Phil Gaimon I’m not sure if I’ll if write another book. On the one hand, it was emotionally healthy to think back on everything. There were a lot of times that I’d write something and think  "Oh shit, I never apologized for that," or "I never actually thanked that guy," which usually resulted in a weird phone call, where I gave a long speech, and someone on the other end tried to remember what the hell I was talking about. I’m not a crier (I’m a manly man), but I lost it when I wrote about the last lap at the Sunset stage of Redlands, where I was trying to catch Mancebo to hold onto yellow, and I saw all my teammates and friends standing on the side of the road, because they wanted to cheer me on and see me win. 

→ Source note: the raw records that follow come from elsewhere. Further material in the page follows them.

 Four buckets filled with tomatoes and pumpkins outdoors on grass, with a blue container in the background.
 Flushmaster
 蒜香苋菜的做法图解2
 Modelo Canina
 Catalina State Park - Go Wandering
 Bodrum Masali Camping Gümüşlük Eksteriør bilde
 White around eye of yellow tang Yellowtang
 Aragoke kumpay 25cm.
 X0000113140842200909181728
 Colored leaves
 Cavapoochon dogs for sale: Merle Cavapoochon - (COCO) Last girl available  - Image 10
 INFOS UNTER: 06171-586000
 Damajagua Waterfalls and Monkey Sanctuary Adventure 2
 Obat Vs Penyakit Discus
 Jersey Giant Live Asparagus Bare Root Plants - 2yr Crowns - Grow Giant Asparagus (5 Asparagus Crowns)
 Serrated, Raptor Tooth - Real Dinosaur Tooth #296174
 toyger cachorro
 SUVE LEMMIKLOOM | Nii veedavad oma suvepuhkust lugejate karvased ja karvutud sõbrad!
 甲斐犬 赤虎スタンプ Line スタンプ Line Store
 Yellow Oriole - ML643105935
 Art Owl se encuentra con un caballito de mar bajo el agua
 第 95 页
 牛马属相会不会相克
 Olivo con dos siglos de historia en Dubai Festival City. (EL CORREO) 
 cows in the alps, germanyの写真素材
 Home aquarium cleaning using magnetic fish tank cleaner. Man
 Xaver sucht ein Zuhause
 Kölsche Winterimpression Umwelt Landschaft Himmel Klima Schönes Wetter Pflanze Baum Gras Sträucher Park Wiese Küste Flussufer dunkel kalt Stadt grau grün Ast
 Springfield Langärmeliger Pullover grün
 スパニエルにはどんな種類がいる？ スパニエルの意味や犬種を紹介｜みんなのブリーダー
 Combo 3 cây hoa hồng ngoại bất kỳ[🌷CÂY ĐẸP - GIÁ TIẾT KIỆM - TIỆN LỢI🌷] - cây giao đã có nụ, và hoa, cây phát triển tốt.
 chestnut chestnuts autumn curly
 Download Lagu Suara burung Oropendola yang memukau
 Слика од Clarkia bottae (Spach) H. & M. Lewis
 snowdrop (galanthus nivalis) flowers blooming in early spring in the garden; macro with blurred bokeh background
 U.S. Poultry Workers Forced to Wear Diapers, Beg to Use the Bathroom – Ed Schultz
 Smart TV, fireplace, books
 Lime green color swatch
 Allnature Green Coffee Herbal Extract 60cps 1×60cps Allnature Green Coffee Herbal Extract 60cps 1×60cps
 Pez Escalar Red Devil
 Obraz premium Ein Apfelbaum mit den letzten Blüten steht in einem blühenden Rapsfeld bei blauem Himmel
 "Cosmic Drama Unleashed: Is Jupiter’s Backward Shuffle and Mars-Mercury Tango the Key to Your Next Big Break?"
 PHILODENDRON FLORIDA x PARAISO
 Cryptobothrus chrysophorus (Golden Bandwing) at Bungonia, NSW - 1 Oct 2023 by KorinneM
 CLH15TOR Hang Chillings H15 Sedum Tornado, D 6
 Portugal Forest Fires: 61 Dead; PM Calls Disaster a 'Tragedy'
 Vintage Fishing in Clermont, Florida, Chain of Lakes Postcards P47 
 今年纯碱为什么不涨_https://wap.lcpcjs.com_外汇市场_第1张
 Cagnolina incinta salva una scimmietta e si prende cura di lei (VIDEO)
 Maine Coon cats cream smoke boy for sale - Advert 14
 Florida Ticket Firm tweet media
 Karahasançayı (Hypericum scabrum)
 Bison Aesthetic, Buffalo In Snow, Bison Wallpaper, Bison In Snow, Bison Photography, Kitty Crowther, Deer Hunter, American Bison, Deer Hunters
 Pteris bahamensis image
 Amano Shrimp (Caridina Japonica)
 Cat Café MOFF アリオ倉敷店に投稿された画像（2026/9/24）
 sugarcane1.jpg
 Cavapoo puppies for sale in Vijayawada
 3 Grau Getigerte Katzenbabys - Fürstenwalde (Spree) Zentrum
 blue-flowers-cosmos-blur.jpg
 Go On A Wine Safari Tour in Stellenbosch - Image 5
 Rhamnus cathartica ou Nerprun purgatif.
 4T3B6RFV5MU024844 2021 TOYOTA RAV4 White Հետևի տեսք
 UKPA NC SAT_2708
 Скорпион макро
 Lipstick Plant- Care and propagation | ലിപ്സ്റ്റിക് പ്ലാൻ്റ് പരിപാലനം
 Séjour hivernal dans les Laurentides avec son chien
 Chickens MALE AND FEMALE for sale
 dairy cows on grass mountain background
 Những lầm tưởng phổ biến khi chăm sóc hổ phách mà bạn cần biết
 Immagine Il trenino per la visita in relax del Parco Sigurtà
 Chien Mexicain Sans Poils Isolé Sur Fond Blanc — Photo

On the other hand, I could never use a ghost writer, which meant it was a lot of work and time, and I’ve had enough of the difficult/highly competitive/marginally lucrative category in my life. But I’ll pick a fight with the next ninja I see, in case I do write a sequel. 

 

32 Comments

schmalz

The fleur de lis is the symbol of the city of Dubuque, which was settled by a French fur trader named Julian Dubuque.

Cece Dropout

Cycling needs more people like him. He’s not the typical dumb jock with money (think Hincapie) rather an articulate elite athlete with smarts and a degree to boot.

Mathis Lube

such a lying dbag. He needs to get his “clean” tattoo removed as it’s stained with Tommy D’s doping. Also to say he figured out how to beat Mancebo is laughable. That man is classy, Phil is a dbag with serious ego issues

Ryan Neck

It’s my understanding that “jar of almond butter” is a colloquialism for a certain body part, no?

Nipple Wrench

These guys are doping everyday. They just know what to take and how not to get caught. Don’t tell me that Talansky’s Dauphine win wasn’t tainted with dope. And Mancebo used to be a doper when he was a Euro pro and probably still is doping to this day!

wheelsucker

I find it hard to believe that anyone can survive, much less win, a pro stage race without a little pick-me -up….

wheelsucker

I ride pretty hard
I cant ride as hard as a pro
Pros must be doping*

*not really clear by what exactly is specified here, but something nefarious

...

It’s been proven that doping has been rampant in cycling. What is there to indicate that it’s changed?
What is there to indicate that anyone cares? Hincapie shows up in NY and he’s hailed as a conquering hero. It’s really amazing. Why would it change?

Guccio Seattube

Obviously noone admits to doping until they are caught, but it would be pretty ridiculous if Phil were to ever test positive after all this. Dude is legit ( i think)

Jens Internal Routing

someone here just called phil a “dbag” after it was pointed out in the interview that “landphil” would be slightly more original. did you read the interview or just feel like calling him a “dbag” because he’s a pro bike racer and you’re not?

Morelli Rim

“If you wanted to be a winner back then, you had to dope, and it would take a lot of courage to not try and get away with it.”

Dropout

You’re doing a gran fondo, Dan? HOw come you never mention it on the blog?

Great fucking interview. Gaimon’s got a good perspective and I can’t wait to read his book.

Paul Rear Entry

Great book. I hope he writes another about the adaptations he is making from domestic racer life.

Kevin McNeill

Just finished the book. Definitely a good read. Phil has paid his dues. There are some notable mentions of some NYC local players as well.